Our Children and Youth
Although Aboriginal cultures are diverse, children consistently remain the centre of our families and communities. Within Aboriginal cultures, people of all ages and genders have a role to play within our communities and across the life cycles. Aboriginal women across Ontario are often the caretakers of our children and youth, which means that we are invested in the care of our future generations. For this reason, it is essential that Aboriginal women are able to voice concerns and solutions based on our own lived experiences.
According to the 2006 census, children and youth make up approximately 36% of Ontario’s Aboriginal population. However, residential schools, the Sixties Scoop, the Millennial Scoop and other colonial initiatives have undermined Aboriginal cultures, eroded parenting capacity, and challenged economic self-sufficiency. Aboriginal women in particular suffer multiple disadvantages as the caregivers of our children and youth.

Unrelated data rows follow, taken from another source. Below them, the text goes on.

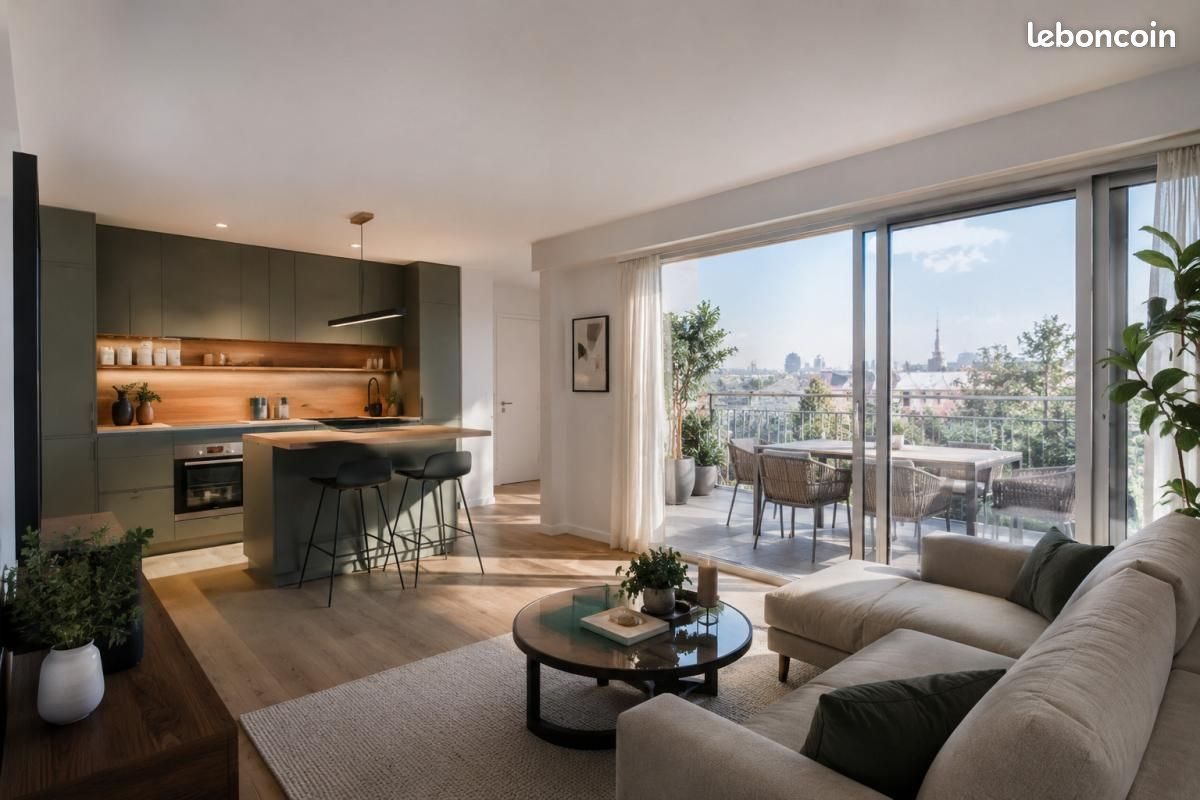 Appartement à vendre, 56m², Cenon
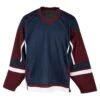 Stadium Adult Hockey Jersey - Navy/Maroon/White 1 Stadium Adult Hockey Jersey - Navy/Maroon/White -Hockey Specialty Store firstar hockey jersey stadium nvy mar wht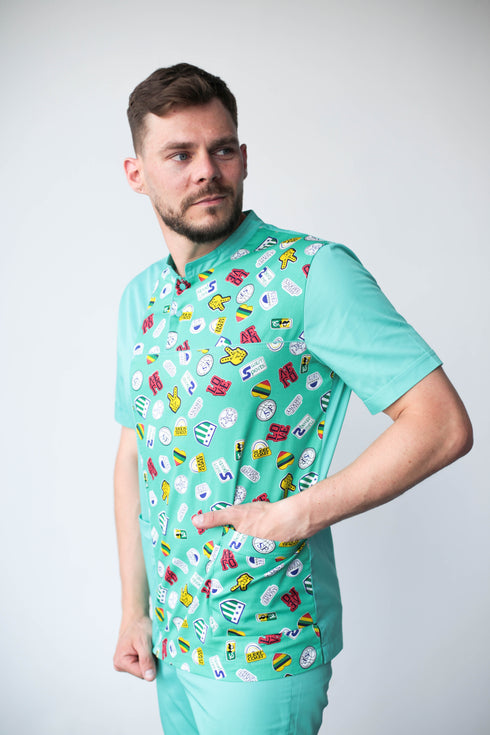 Медичний чоловічий костюм Берлін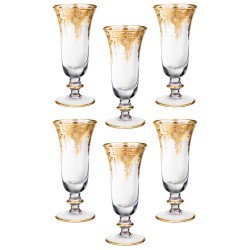 Набор бокалов для шампанского из 6 шт. 200 мл SAME (103-637)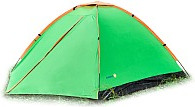 Изображение товара Палатка Sundays GC-TT003 со спальным мешком и туристическим ковриком (зеленый/желтый)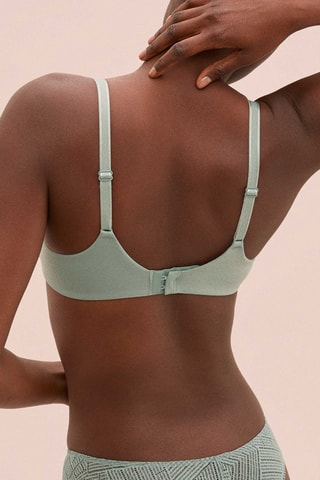 Soutien-gorge coque ampliforme Gloria - Vert d’eau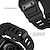 voordelige Apple Watch-bandjes-Militair beschermend Compatibel met: Apple Watch-horlogebandje Verstelbaar Ademend Siliconen Vervangende horlogeband voor Series 6 / SE / 5/4 44mm Apple Watch-serie 8 Apple Watch-serie 1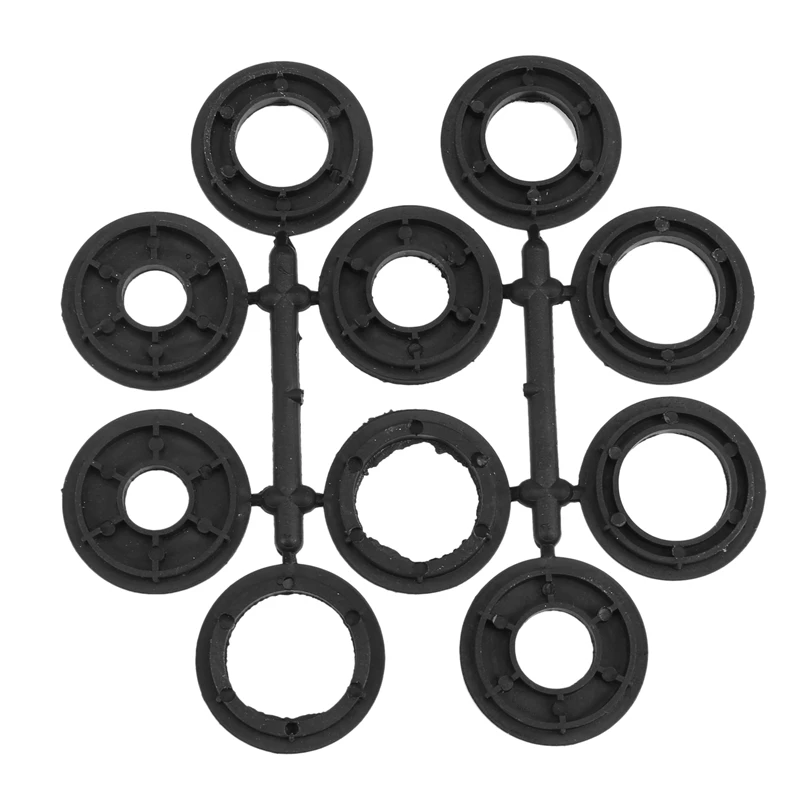 LUDA 8 дюймов 200 мм стальная плоская проволочная щетка с 10 шт. переходными кольцами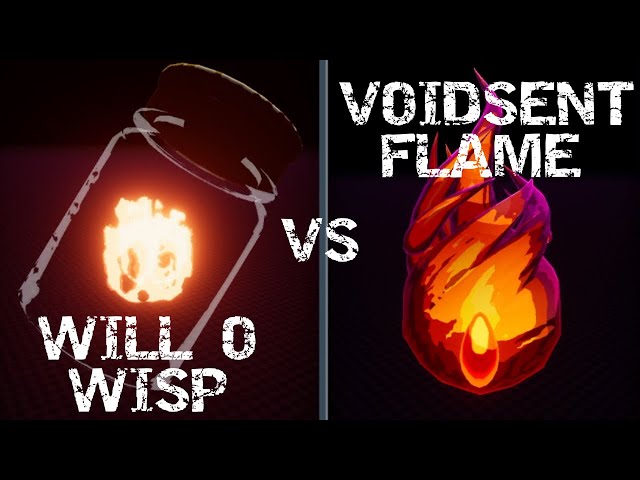 Will O Wisp vs Voidsent Flame | Risk Of Rain 2 Void Item Guide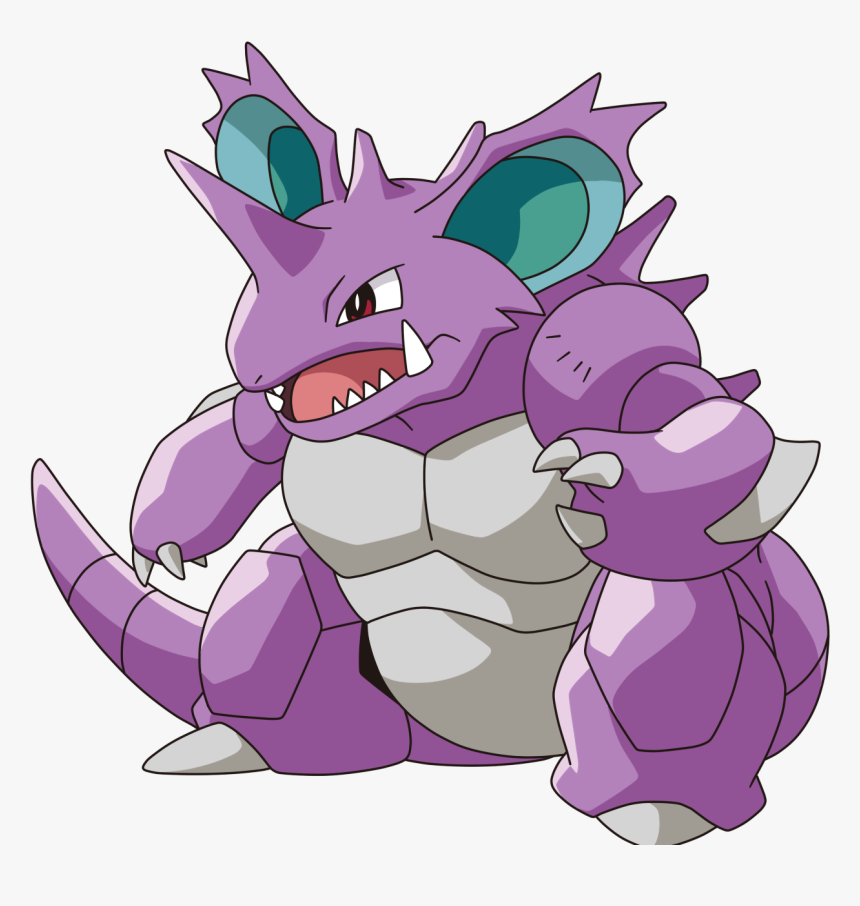 Nidoking Nidoqueen, HD Png Download, Free Download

Aboriginal children are more likely to live in poverty than non-Aboriginal children. As a result, our children are disproportionately represented in the child welfare and youth justice systems. The suicide rates of Aboriginal children and youth surpass those of non-Aboriginal children and youth by approximately five times. To combat the disadvantages experienced by our children and youth, Aboriginal women are asserting our rights and aspirations for a better future for our children and ourselves through a return to cultural traditions and self-determination.
ONWA’s Strategic Plan has identified child welfare as a priority area. ONWA is working with the Métis Nation of Ontario and the Ontario Federation of Indigenous Friendship Centres on the creation of an Aboriginal Children and Youth Strategy that will be presented to Ontario’s Ministry of Children and Youth Services. ONWA’s department of Policy and Research also creates fact sheets, briefing notes, policy position papers, and reviews legislation – such as the Child and Family Services Act – to ensure that the voices of Aboriginal women in Ontario are heard on this key issue.